Have you ever been to a presentation and tried to stop yourself falling asleep? Have you counted down the minutes until lunchtime/bathroom breaks/going home? I’m sure I’m not alone in saying that I certainly have! Training often conjures up images of dull meeting rooms with boring Powerpoints and unenthusiastic presenters, who speak at you rather than interacting with their audience with energy and vitality.
And more than often this is the case. It certainly takes an extraordinary individual to have you walking away from a training session feeling inspired, excited and ready to make life changes.
I’ll never forget one talk I went to from a major bank’s chief economist. As I helped myself to the canapés and poured myself a large glass of wine I prepared myself for an uneventful afternoon.
However, as soon as the speaker got on his platform I couldn’t take my eyes off him! He sprung to life, bounding around, using simple, day-to-day examples to explain major economic theories.
His voice was gruff and loud, he was extraordinarily unconventional. However, I walked away with more knowledge of economic principles than I learnt whilst studying 20th century economic history for three years when I was an undergraduate in London!
Why is it some people just have that special something, that charisma?
Creating this all important vibe is extremely important when it comes to conveying the power of social media. This is mainly because using social media networks for marketing only works if the person managing these networks REALLY gets the idea and is EXCITED about it! This is because social media is exactly what it says on the tin, ie “social.” There is no point in understanding how it functions without understanding the ultimate purpose. So, back to the original question – how do great speakers and trainers inspire their audiences?
Here are a few indicators:
THEIR VOICE CHANGES PITCH
When delivering a presentation it’s key that speakers don’t just speak monotonously at their audience. Change of pace, tone and pitch is vital. Boring speakers remind everyone of their drabbest teacher at school who was usually very out of control of his/her pupils. This is because they couldn’t command attention or respect. And many adults don’t necessarily have that much longer an attention span than teenagers – let’s face it!
THEY MOVE AROUND
Moving around the speaking area (obviously not too manically) is also important, as it conveys excitement and flow. It subconsciously indicates to the audience that the speaker is enthusiastic about what he/she is talking about and also that there is more interesting content to come.
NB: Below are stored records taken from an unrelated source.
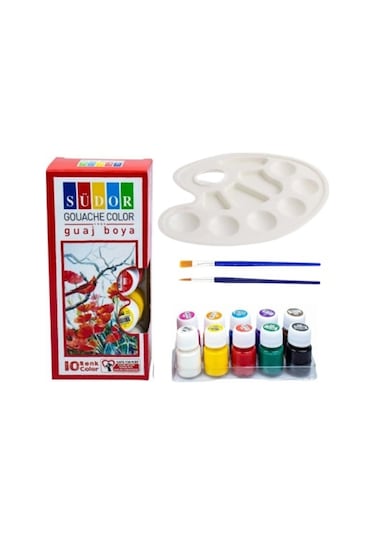 Guaj Boya Seti ,Palet + İpek Fırçalı 10 x 25 ML Çok Renkli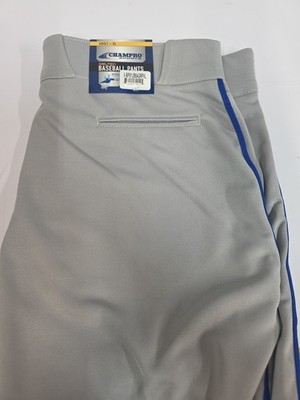 Champro Baseball Pants Adult Size XL Dri Gear Gray Blue Pipe Adjustable Inseam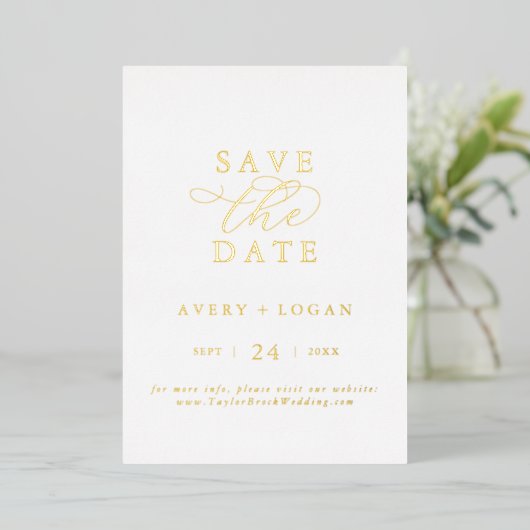 Elegant Script Gold Foil Sla de datum op Folie Uitnodiging (Staand Voorkant)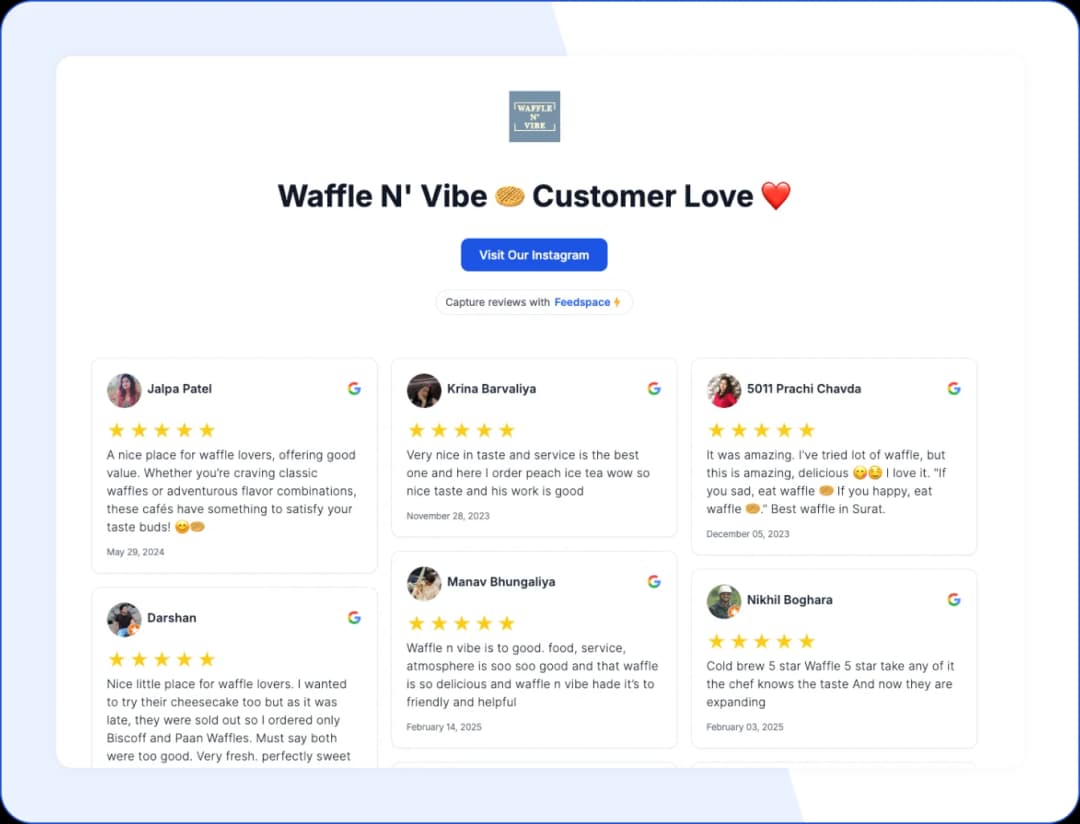 Customer reviews displayed on Waffle N’Vibe’s Wall of Love, showcasing positive feedback and star ratings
Standing in the same spot indicates a lack of momentum which gets the audience yawning.
THEY MAKE THEIR POINTS SHORT AND SWEET
Inspiring speakers don’t go over the same point again and again. They bring new things all the time to the audience. They add new ideas , use new graphics and imaginative ways to explain these points. If the audience has questions, that’s great as they often encourage participation from the audience which brings us on to our next point…
…THEY ARE INTERACTIVE
Great trainers are keen to speak to their audience, to get feedback. They want to know how the audience feels, what their concerns are. They will ask their audience to explain their problems, their experiences in whatever field they are focusing on. They will want to encourage their audience to ask questions, to get their money’s worth and walk away feeling satisfied.
THEY COME PREPARED
One clever way of getting the audience feeling as if they are part of the presentation rather than being lectured to by an uninspiring schoolmaster, is to research some of their businesses and find examples in this area. For example, a social media presentation we did recently had strong feedback partly because we found several examples of the audience’s competitors using social media networks and showed how they were doing it. Admittedly it was a small group, but it helped them see how social media could benefit their businesses.
THAT JE NE SAIS QUOI…
Ever heard someone say about someone: “He/she just had something…that…I can’t put my finger on it…a certain ‘Je ne sais quoi.’” Or perhaps you yourself have met one of these individuals. A warmth, charisma, leadership ability which makes someone stand out in the crowd is not necessarily easy to cultivate overnight, but motivators and trainers who are worth keeping will have it in droves!